Step 1. Prepare a machine with disk, Docker and ZFS
Prepare a machine
Create an EC2 instance with Ubuntu 18.04 and an additional EBS volume to store data. You can find detailed instructions on how to create an AWS EC2 instance here (if you want to use Google Cloud, see the GCP documentation).
(optional) Ports need to be open in the Security Group being used
You will need to allow working with the following ports (outbound rules in your Security Group):
22: to connect to the instance using SSH;
2345: to work with Database Lab Engine API (can be changed in the Database Lab Engine configuration file);
6000-6100: to connect to PostgreSQL clones (this is the default port range used in the Database Lab Engine configuration file, can be changed if needed).
For real-life use, it is not a good idea to open ports to the public.
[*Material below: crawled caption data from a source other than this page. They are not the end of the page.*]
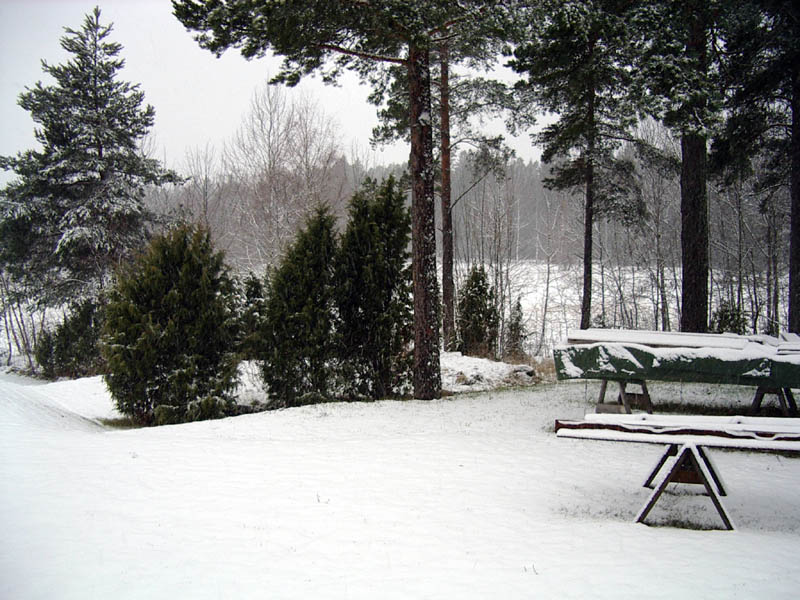 IMGP0304.JPG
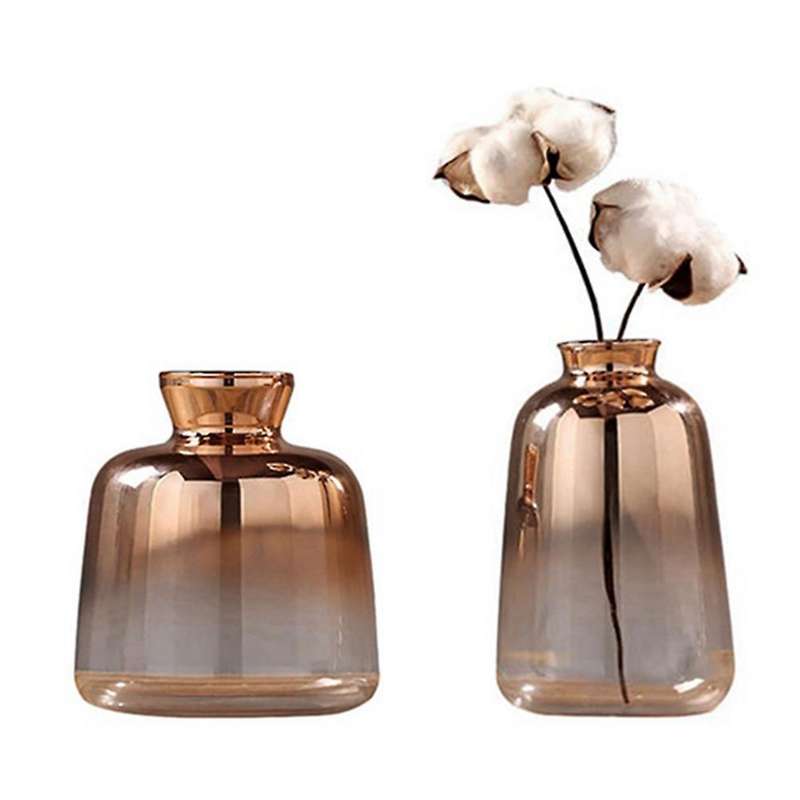 2 Pack Glass Vase for Home Decor Dried Flower Bottle Decorations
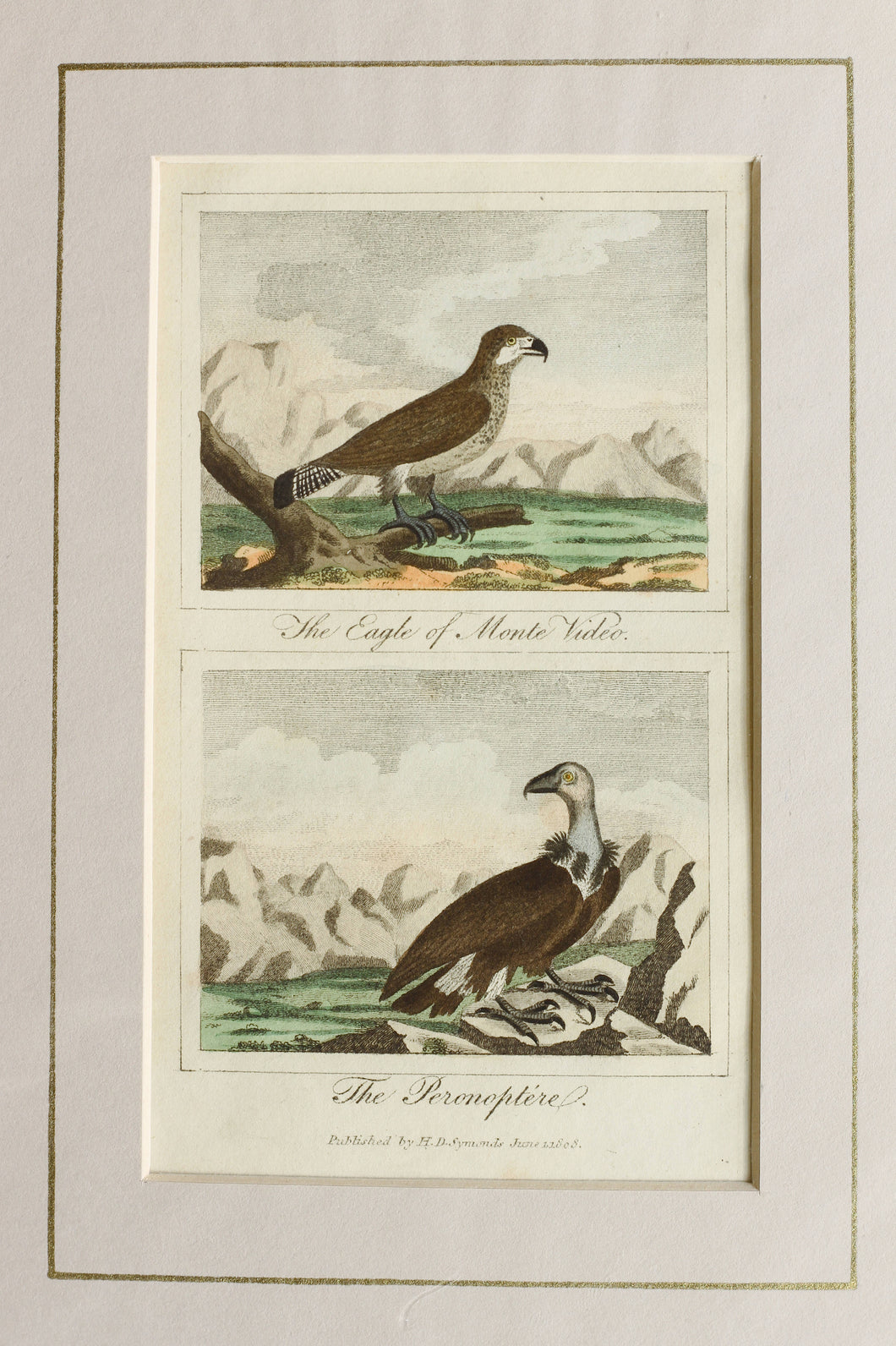 The Eagle of Monte Video and The Peronoptere - Antique Copper Engraving circa 1808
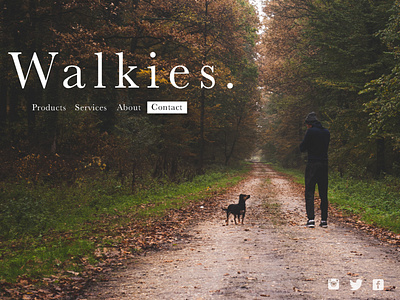 Walkies design figma homepage image minimalism photoshop simple ui ux web design website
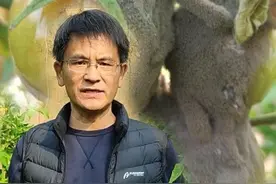 带你认识和搞定番茄灰霉病，防治方法一定要掌握好！#病害防治 #灰霉病 #来抖音学农技 #乡村守护人 #种植视频封面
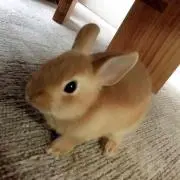 もや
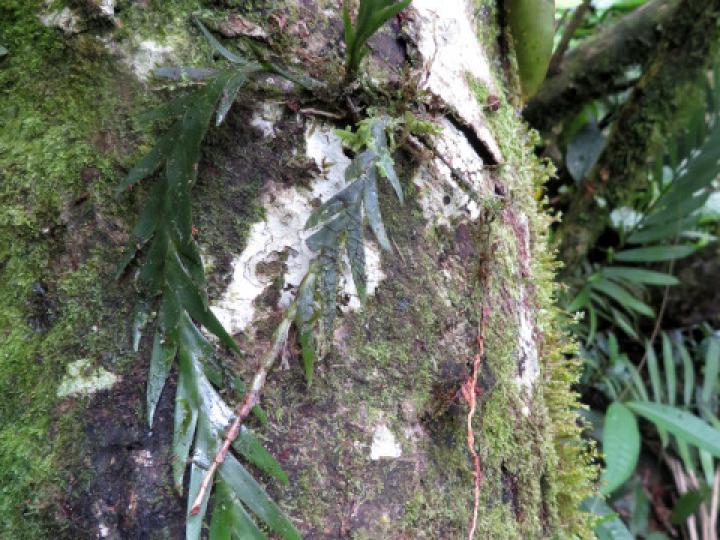 Lockhartia hercodonta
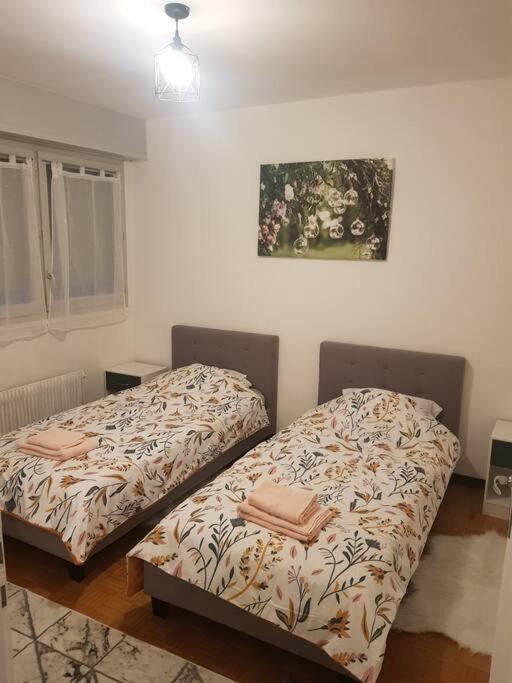 Magnifique T2 Au Centre Ville Cluses Dış mekan fotoğraf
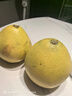 京鮮生 云南傣柚1粒裝 單果600g+ 生鮮水果 源頭直發(fā)包郵 曬單實(shí)拍圖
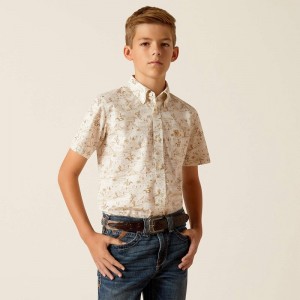 Ariat Edison Classic Fit Shirt Tan Polska | IGSMHZ-647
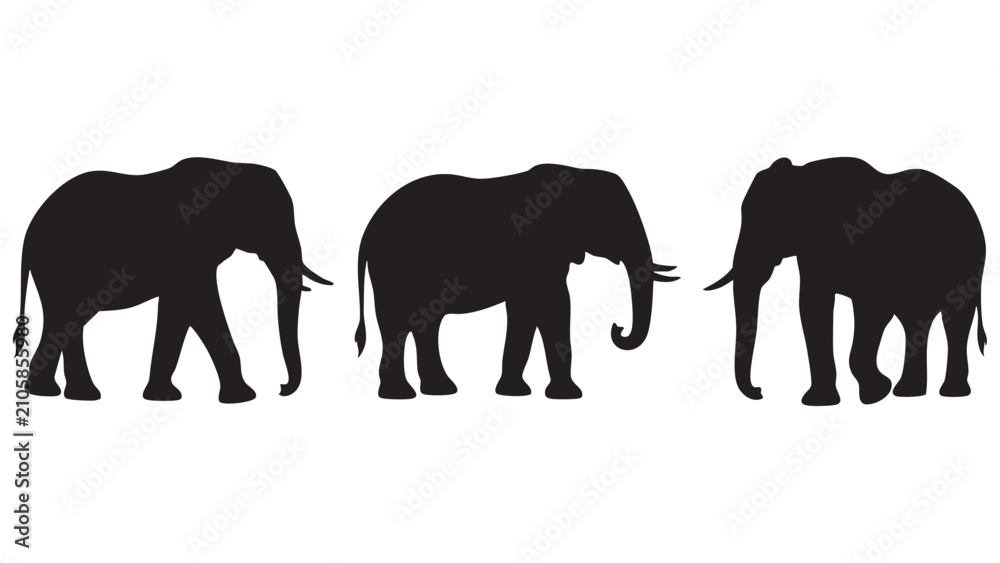 Fototapeta premium Elephant silhouettes against a white background a trio of african wildlife shapes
Instead, it is recommended to use VPN or SSH port forwarding to access both Database Lab API and PostgreSQL clones, or to enforce encryption for all connections using NGINX with SSL and configuring SSL in PostgreSQL configuration.
Additionally, to be able to install software, allow accessing external resources using HTTP/HTTPS (edit the inbound rule in your Security Group):
Here is how the inbound and outbound rules in your Security Group may look like:
If needed, you can find the detailed installation guides for Docker here.
Further, we will need
$DBLAB_DISK environment variable. It must contain the device name corresponding to the disk where all the Database Lab Engine data will be stored.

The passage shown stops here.